Norm Minimization

Norm Minimization

Recall from the Orthogonal Projection Operators page that if $V$ is an inner product space and $U$ is a subspace of $V$ such that $V = U \oplus U^{\perp}$ then any $v \in V$ can be written as the sum $v = u + w$ where $u \in U$ and $w \in U^{\perp}$ and the orthogonal projection operator of $V$ onto $U$ is $P_U \in \mathcal L(V)$ defined as $P_U(v) = u$ for all $v \in V$.

We will now look at one application of such orthogonal projection operators - that being in minimization problems. Suppose that we have an inner product space $V$ and $U$ is a subspace of $V$. Further suppose that $v \in V$ and that we want to find the vector $u^* \in U$ such that the norm of $v$ and $u^*$ is a minimum, that is $\| v - u^* \| ≤ \| v - u \|$ for all $u \in U$.

If $v \in U$, then $u^* = v$ since $\| v - u^* \| = \| v - v \| = 0$. Instead consider the case where $v \not \in U$. It's not hard to see that in this case, $u^* = P_U(v)$. We will formally prove this with the following theorem that will lay this foundation for solving various minimization problems.

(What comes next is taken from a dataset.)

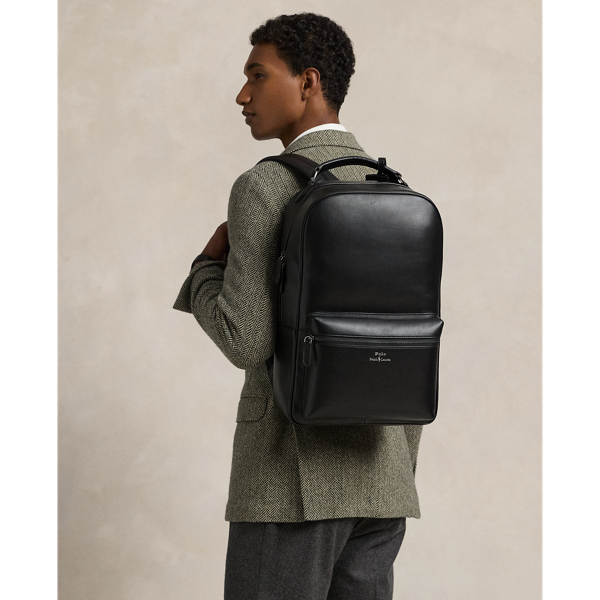 Ralph lauren black leather backpack sale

 Theorem 1: Let $V$ be an inner product space and $U$ be a finite-dimensional subspace of $V$ so that $V = U \oplus U^{\perp}$. Let $v \in V$. Then for every vector $u \in U$ we have that $\| v - P_U(v) \| ≤ \| v - u \|$.
• Proof: Let $u \in U$. Note the vectors $v - P_U(v)$ and $P_u(v) - u$ are orthogonal since $(v - P_U(v)) \in U^{\perp}$ and $(P_U(v) - u) \in U$ and so in applying the Pythagorean Theorem we have that:
(1)
\begin{align} \quad \| v - P_U(v) \|^2 ≤ \| v - P_U(v) \|^2 + \| P_U(v) - u \|^2 = \| v - P_U(v) + P_U(v) - u \|^2 = \| v - u \|^2 \end{align}
• If we take the square root of both sides of the inequality above, we get that $\| v - P_U(v) \| ≤ \| v - u \|$ for every $u \in U$. $\blacksquare$